Work item:
For the entries below, return every line from the top through the line with "ActionLab Baboo Bottle" exactly as it stands, omitting pictures.

(Source data)
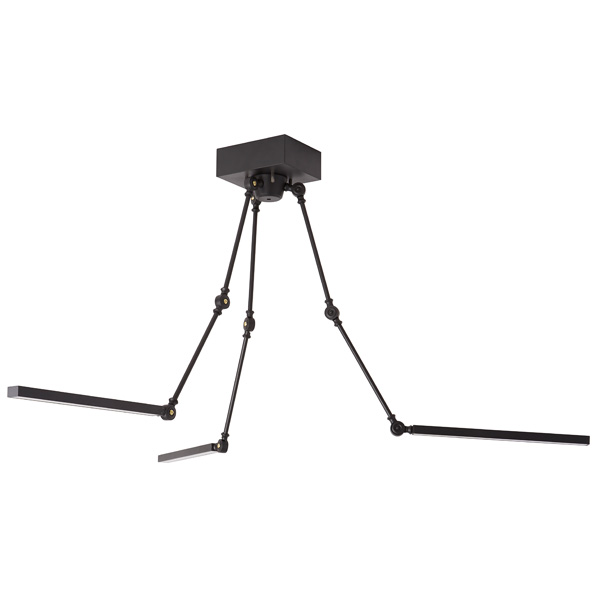【12時迄のご注文は当日発送★送料無料】スタンド ワーカー 3アーム LEDライト 昼白色 BRID STAND WORKER_3 ARM LED LIGHT [照明 天井 おしゃれ シーリングライト led インダストリアル インテリア 照明器具 リビング スポットライト スマート カフェ 無骨 ]_1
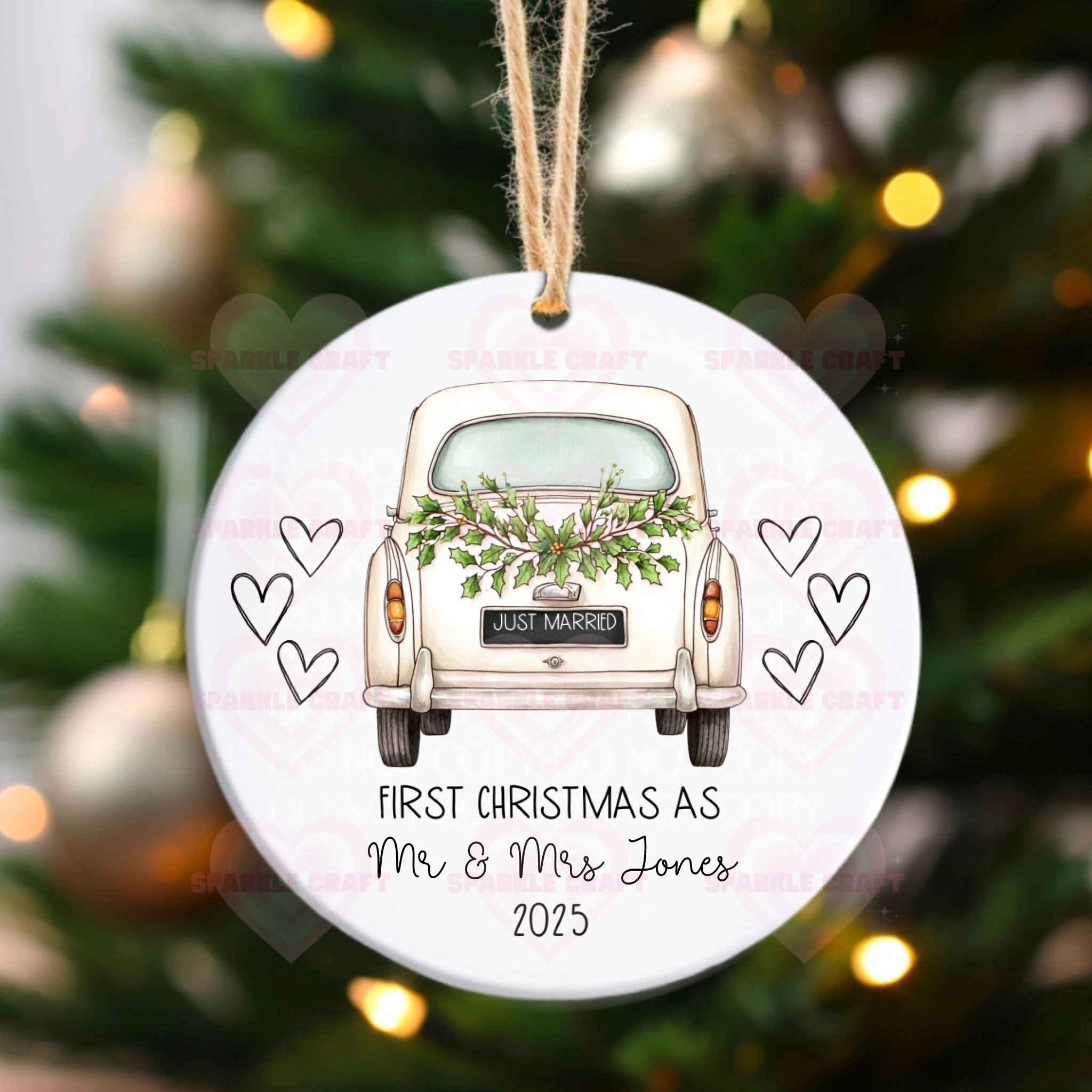 UVDTF - First Christmas As Mr & Mrs Car
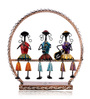 Multicolor Metal Musician Dolls Table Decor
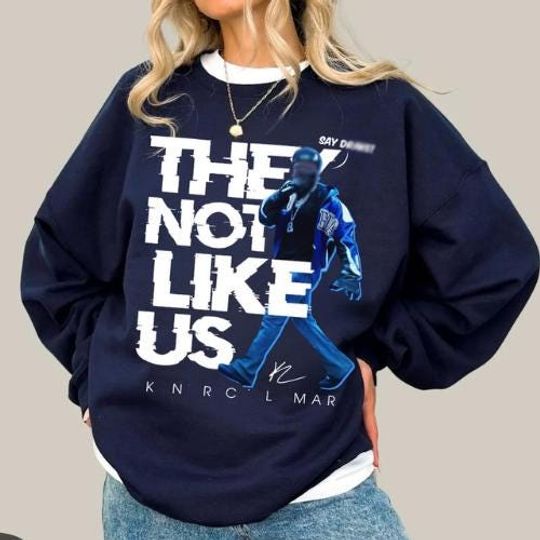 Discover K3ndr1ck L@mar They Not Like Us Album GNX LANA SOS Music T-Shirt/Sweatshirt/Hoodie Classic Hip Hop Hoodie,Hot trending 2025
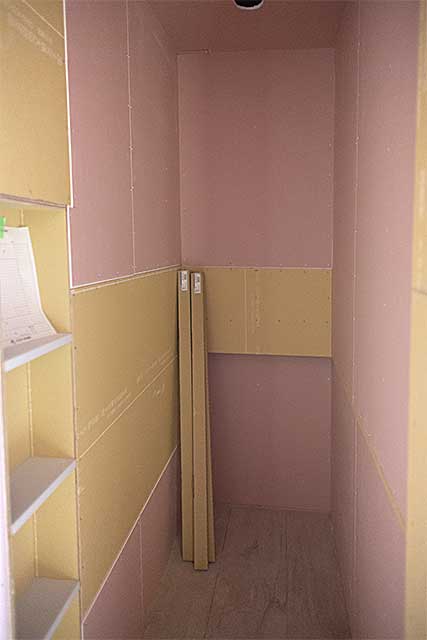 内部・トイレ下地施工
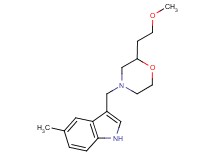 3-{[2-(2-methoxyethyl)morpholin-4-yl]methyl}-5-methyl-1H-indole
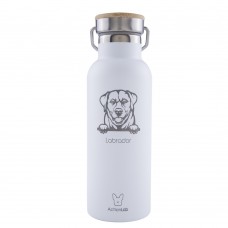  ActionLab Baboo Bottle  White Labrador 500ml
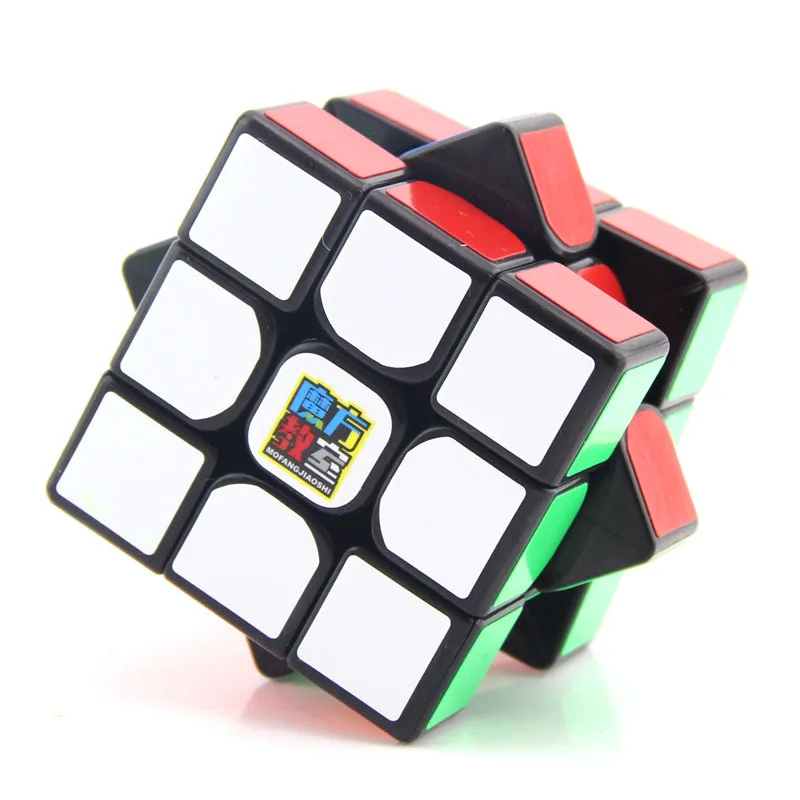 Mofangjiaoshi MFJS Cubing классная игрушка-головоломка MF3RS2 3x3x3 волшебный куб для начинающих черный прозрачный пазл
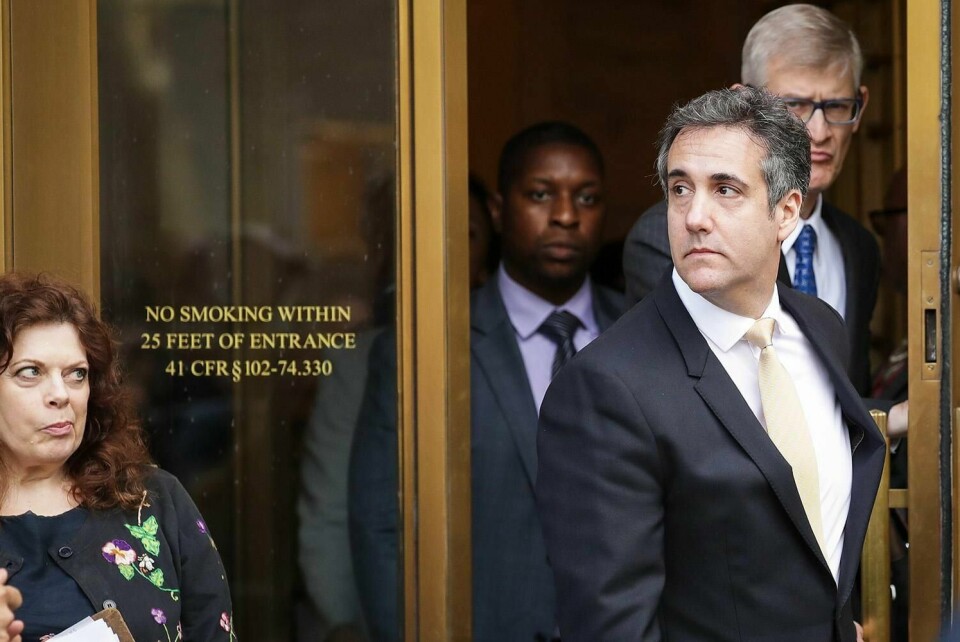 FORTELLER: Michael Cohen var advokaten til Trump. Han innrømmer ulovlige betalinger for Trump. Det kan få betydning for den amerikanske presidenten.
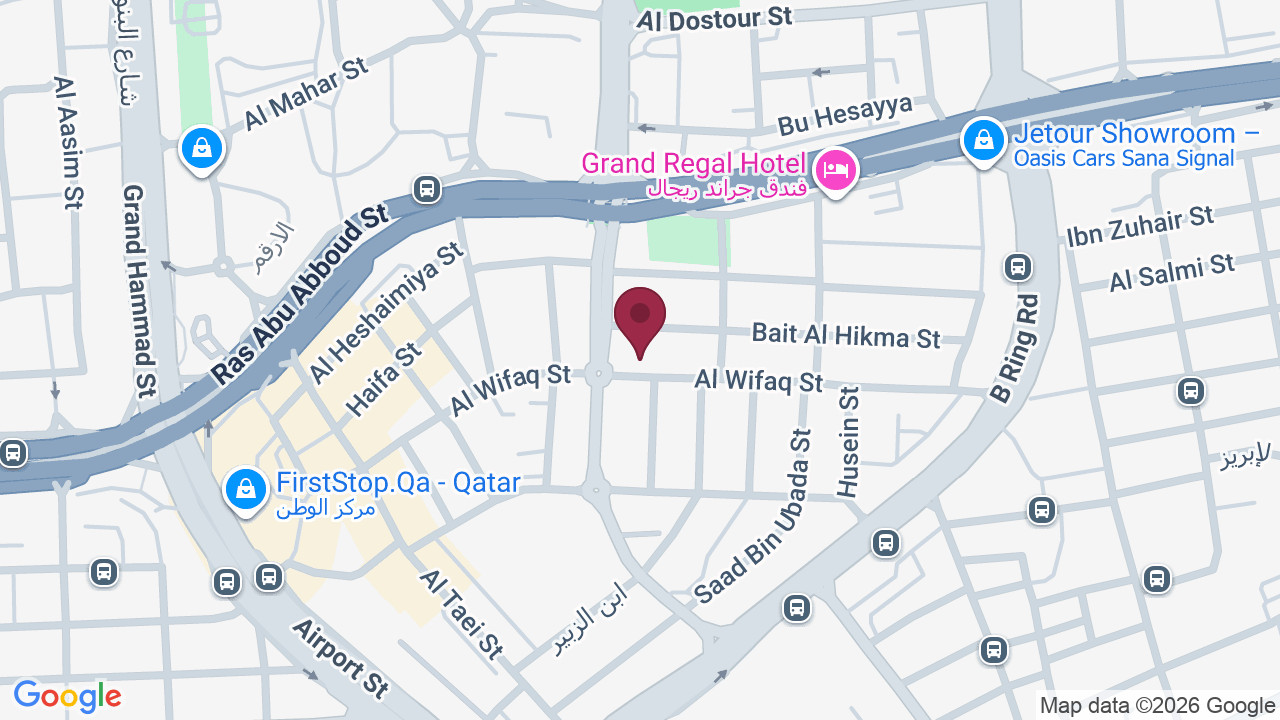 Map showing Chill Out Spa Doha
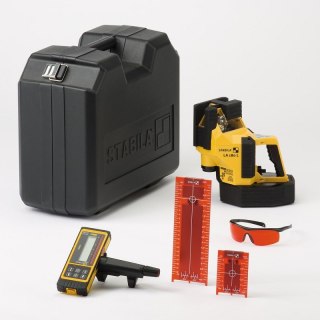 Laser wieloliniowy Stabila LA 180 L REC 410 Line RF, zestaw 6-częściowy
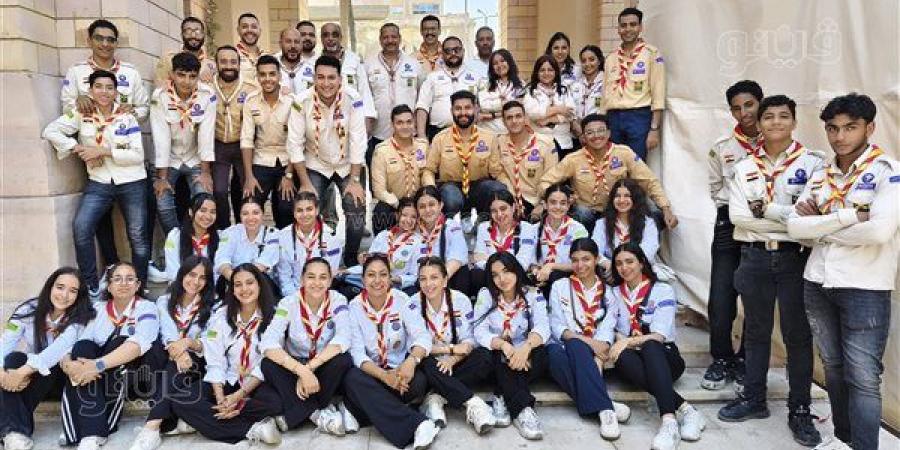 بممر شرفي وعزف الطبول، مجموعات النصر الكشفية ببورسعيد تبهر حضور احتفالية "مئوية للاتين"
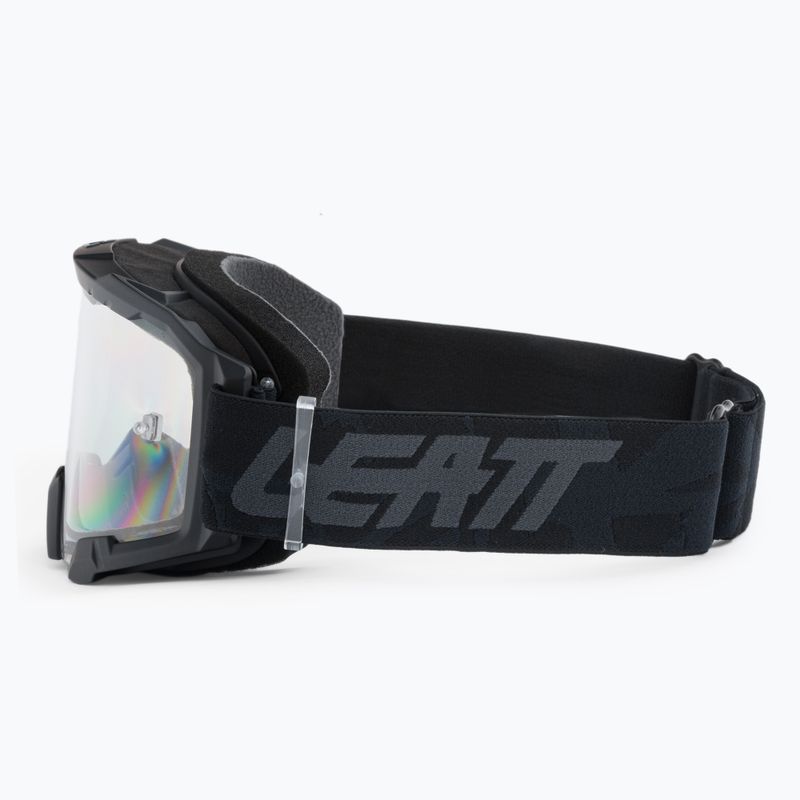 Cyklistické brýle Leatt Velocity 4.5 stealth / clear 8023020470 4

Task output:
【12時迄のご注文は当日発送★送料無料】スタンド ワーカー 3アーム LEDライト 昼白色 BRID STAND WORKER_3 ARM LED LIGHT [照明 天井 おしゃれ シーリングライト led インダストリアル インテリア 照明器具 リビング スポットライト スマート カフェ 無骨 ]_1
 UVDTF - First Christmas As Mr & Mrs Car
 Multicolor Metal Musician Dolls Table Decor
 Discover K3ndr1ck L@mar They Not Like Us Album GNX LANA SOS Music T-Shirt/Sweatshirt/Hoodie Classic Hip Hop Hoodie,Hot trending 2025
 内部・トイレ下地施工
 3-{[2-(2-methoxyethyl)morpholin-4-yl]methyl}-5-methyl-1H-indole
  ActionLab Baboo Bottle  White Labrador 500ml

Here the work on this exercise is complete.